LegalLatin, what year/where are you in law school? Did you get your Jones Day job through OCI? Were you paid as a summer associate? I ask because a buddy of mine (just accepted a JD offer after her summer) says that no JD office starts at 155,000 before bonuses. For that matter, I interviewed with a lot of big firms (2nd in my class interviewing at Notre Dame), and none of them paid more than 145000 before bonuses. Also, 138,000? What firm starts at 138,000? Are you sure you're getting accurate information?

Were you hired in as a lateral after working for a while or something? Are you an associate? Anything you could tell me about the firm would be of great help (not sure how much things vary from office to office).
Starting salary info on Jones Day:
http://www.nalpdirectory.com/dledir_search_advanced.asp
http://www.jonesday.com/careers/usa/students/summer/compensation/



39
Job Search / Re: How important is the name really?
« on: November 13, 2006, 03:50:10 PM »
LegalLatin, have starting salaries at JD changed? According to their website, the most they pay (before bonuses) is 145,000 and that is in NY. Chicago (where I will be) and San Francisco (where I think you said you are) are said to start out at 135,000. For my summer, I know I get the equivalent to an associate's salary; last year they said this was 135000, but they have not yet told us what the summer associates this summer will be paid. If things have changed, then yipeee!

Also, I've heard mixed things about the bonus structure at Jones Day. Is it true that bonuses are rare and inconsistent? I know they like to keep compensation type issues hush hush, but what's the deal? What are the annual salary increases like? Do they make up for the lack of bonuses?

Thanks

40
Job Search / Re: How important is the name really?
« on: November 13, 2006, 10:49:52 AM »
Here's my take.  I think that you should transfer up at the end of your 1L year.  You will have had a good experience at Hofstra and not paid a dime and that is awesome.  However, if you want to do M&A and securities work you need to get into BigLaw. To do that you would be doing yourself a major disservice in being at Hofstra. 

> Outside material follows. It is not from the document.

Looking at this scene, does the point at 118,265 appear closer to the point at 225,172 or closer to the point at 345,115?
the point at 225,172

Also, be aware that there are a handful of people who scored around 170 at my mid-T1 lawschool.  I know for sure that some of them are near the 50% percentile in their class.  So work real hard this year and make the transfer happen...don't slack.

Transfer to any T-14 and you'll be guaranteed a job, with the work you want, paying you a first-year total package between 170-190K. The first year at the firm will make up the difference in tuition you'll be facing by transferring. But again, realize that if you want to transfer out of Hofstra to a T-14 you'll need to be at least in the top 10% and there's people with LSAT scores and undergrad GPA's much lower than your that are just now finally getting their academics in gear.


I disagree with a couple of things in this post. First, even people at T-14 jobs are not guaranteed a BigLaw job paying "first year total packages btwn 170-190." I know people at Georgetown and Michigan who were at the middle of their classes, went through OCI and did not land jobs. Even at top schools, competition for BigLaw jobs exists. As you probably know, big law firms hire almost exclusively from OCI, so if you don't get a job thorugh this process, you're out of luck, at least for the big firms. 

Second, the most any BigLaw firm starts their associates out at is 145,000 and even these are scarce outside of NY. I found one firm in Chicago that pays 145 starting. There are quite a few that start at 135. Even with bonuses, there are very few firms that would give a first year associate a total package of 190,000 and if this firm did exist, you would probably be billing 3,000 hours + a year.